Refining industry experts said production at a facility slated for a shutdown wouldn’t need to be curtailed until shortly before the closing date, when the owner would begin emptying and cleaning the equipment.

The Shell forecast says the Martinez refinery, in the Bay Area, will also cut crude processing in July, by nearly 10%, a reduction attributed to planned heavy maintenance called “turnarounds” as well as other work.

Farid said it wasn’t unusual for maintenance work to occur during the peak driving season instead of the traditional spring maintenance season. Rob Schlichting, a spokesman for the California Energy Commission, agreed with that assessment.

But Jamie Court, president of the Foundation for Taxpayer and Consumer Rights in Santa Monica, said he believed Shell was up to no good.

“They are cutting back production coming into the busiest driving holiday of the year,” Court said. “That’s incontrovertible proof that Shell is artificially limiting supply in order to drive up prices.”

Court contended that motive explained why Shell didn’t search out potential buyers for the refinery once it decided to shutter it.

Interest in the refinery grew after Sen. Barbara Boxer (D-Calif.), state Atty. Gen. Bill Lockyer and others complained publicly that Shell wasn’t actively putting it on the market. A Shell spokesman said the company had so far received 23 inquiries — up from 18 a month ago — and that five parties had signed confidentiality agreements to delve into the Bakersfield books.

They’ll find that the refinery has recently been a moneymaker: The Shell documents show that Bakersfield’s profit of $11 million in May was 57 times what the company projected and more than double what it made in all of 2003.

Farid said that shouldn’t be interpreted to suggest that Shell was wrong to plan to close the plant.

“You still have to assess whether you’re going to generate a return on investment that you think is adequate,” he said. Despite the big profit in May, “our view hasn’t changed.”

Last month, Lockyer’s office hired an industry consultant to study the financial viability of the Bakersfield refinery and report back before the end of July.

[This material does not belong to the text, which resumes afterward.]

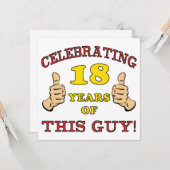 男おもしろい子18誕生日 カード (正面/裏面インサイチュ)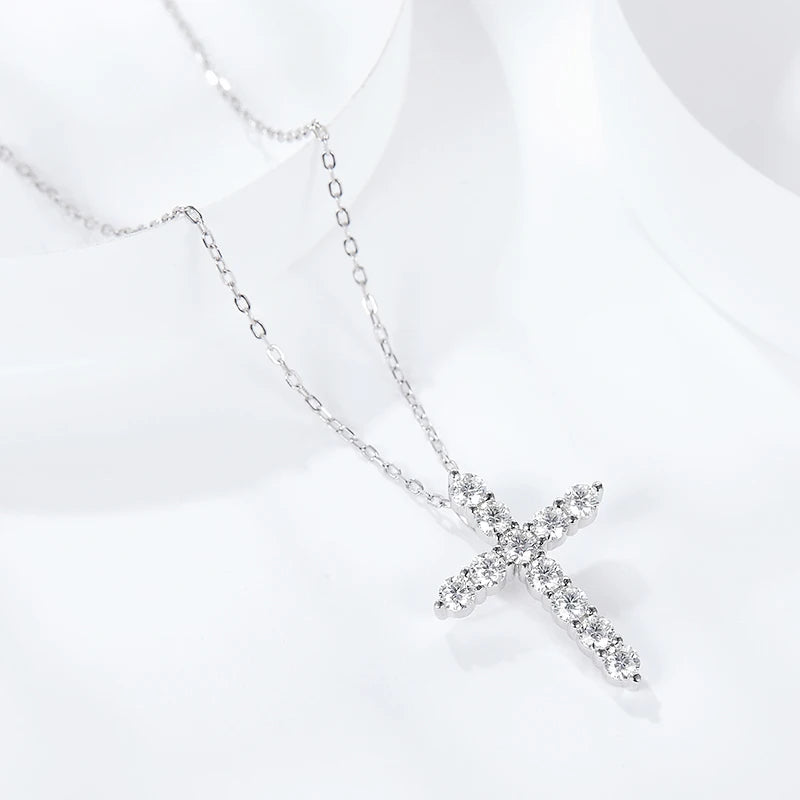 Moissanite Cross Pendant Necklace in 18k White Gold - EverlyCrafted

Meanwhile, the Federal Trade Commission continues to investigate Shell’s plan to close the refinery, which became a wholly owned Shell asset in 2001 as part of the commission’s approval of the merger that created ChevronTexaco Corp.

“The FTC is digging into the details of this closure,” said Boxer, who met recently with commission officials. But she added that the agency wouldn’t complete its probe until after Labor Day.

“I’m not happy with that…. They need to move more quickly,” she said, especially in light of Shell’s move to taper off production. “The investigation’s meaningless if everything is shut down, dismantled and all the rest.”

The Bakersfield refinery is surrounded by prolific oil fields that produce San Joaquin Valley heavy crude. The company, a part owner of several of those fields, has said it wants to close the facility so it can divert more of the heavy crude to its refinery in Martinez, which Shell has said is more efficient than Bakersfield and is suffering from “underutilization” because of dwindling supplies of the San Joaquin crude it is set up to process.

The internal documents show that most of the Martinez refinery is set to run at or near maximum capacity and that it booked net profit of $34 million in May, which is just shy of Shell’s profit expectations at Martinez for all of 2004.